Martin Luther King Jr. Memorial Library - Central Library

Building Early Literacy Skills With Dialogic Reading

Child and adult reading a book togetherThe early literacy method called dialogic reading uses open-ended or “what” questions to expand a child’s expressive vocabulary and story-telling  skills.   

Connecting the book that you are reading to your child with their own experiences helps them to focus.  When children listen to a story and respond to a few questions and interactions, they learn listening skills and better understand the continuing story. All are invaluable in literacy development.  

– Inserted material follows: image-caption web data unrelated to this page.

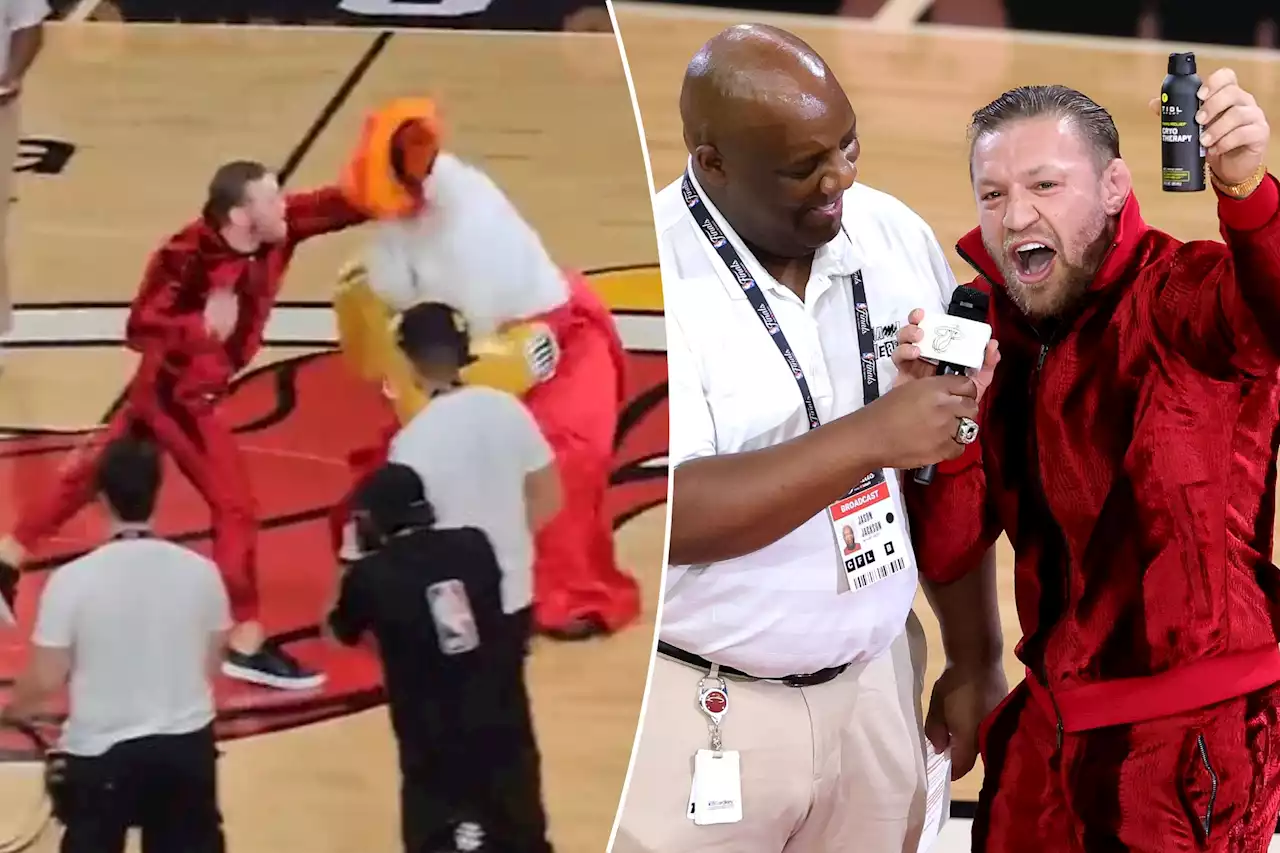 Conor McGregor booed off court, knocks out Heat mascot at NBA Finals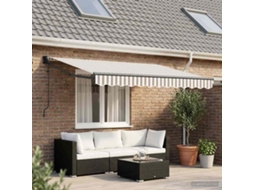 Vidaxl Toldo Retrátil Cinza Claro E Branco 3 X 2,5 M Poliéster E Metal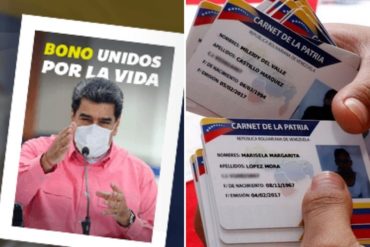 ¡PENDIENTES! Comenzó la entrega del bono “Unidos por la Vida” enviado por el régimen a través del Sistema Patria y este es el monto a recibir (+Detalles)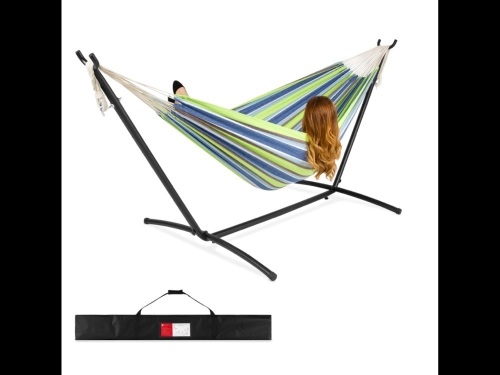 2-Person Brazilian-Style Double Hammock w/ Carrying Bag and Steel Stand,APPEARS NEW  - Lot 125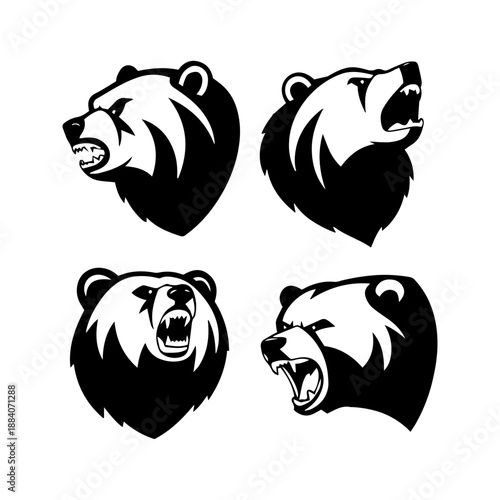 Powerful wildlife logo design featuring a black silhouette vector illustration of a wild tiger and bear head for a fierce animal tattoo or nature symbol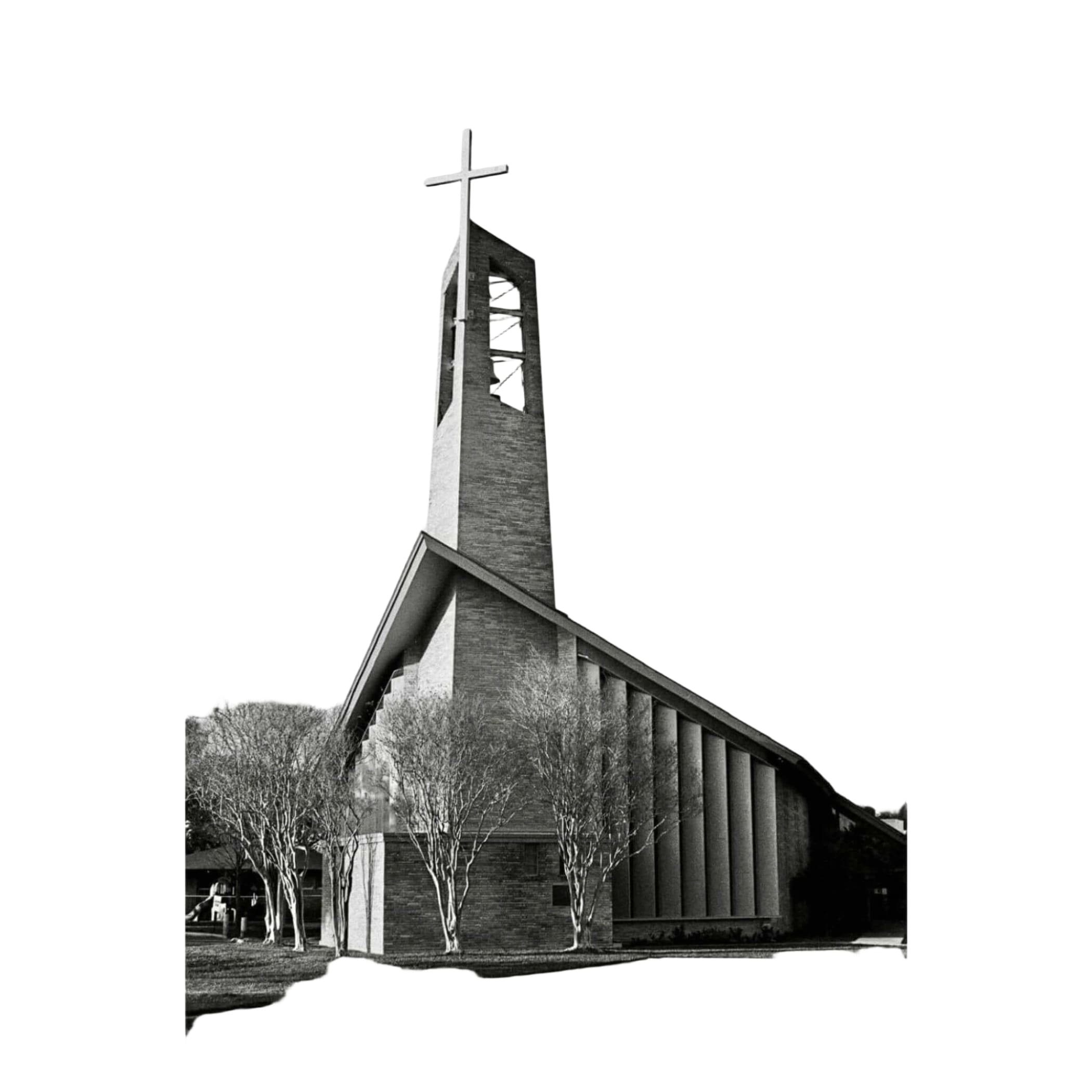 Modern brick church with a tall, angular bell tower topped by a cross.
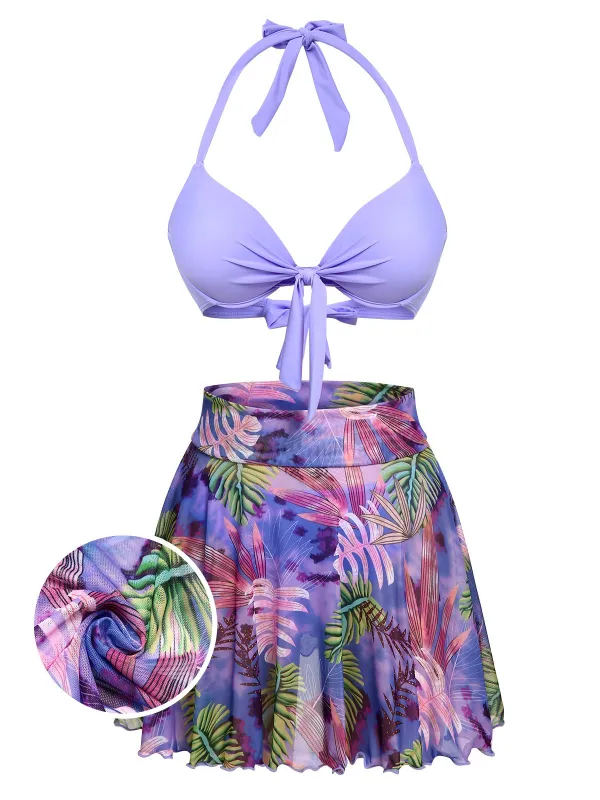 1940s Flowers Lace-Up Halter Swimsuit sold by Retro Stage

Ask open-ended questions while reading to children as a way to prompt them to talk about the pictures in the book. Rather than specific “what” questions, also use more general queries that will require the child to answer with more than one word (especially yes and no).

It is also helpful to repeat what the child has said and expand their response. Another way to reinforce your child’s response will be by repeating the ideas that were put forth in a higher level of vocabulary.  This is a great way to encourage and praise a young person, while introducing new vocabulary.

Opening a book to a random page and reading the illustration offers another literacy tool.  Ask what is happening in the illustration.  

Children can build their own stories with an imaginative look at what they think is happening on the page. Enjoy your reading adventure and don’t forget to encourage and praise the young learner!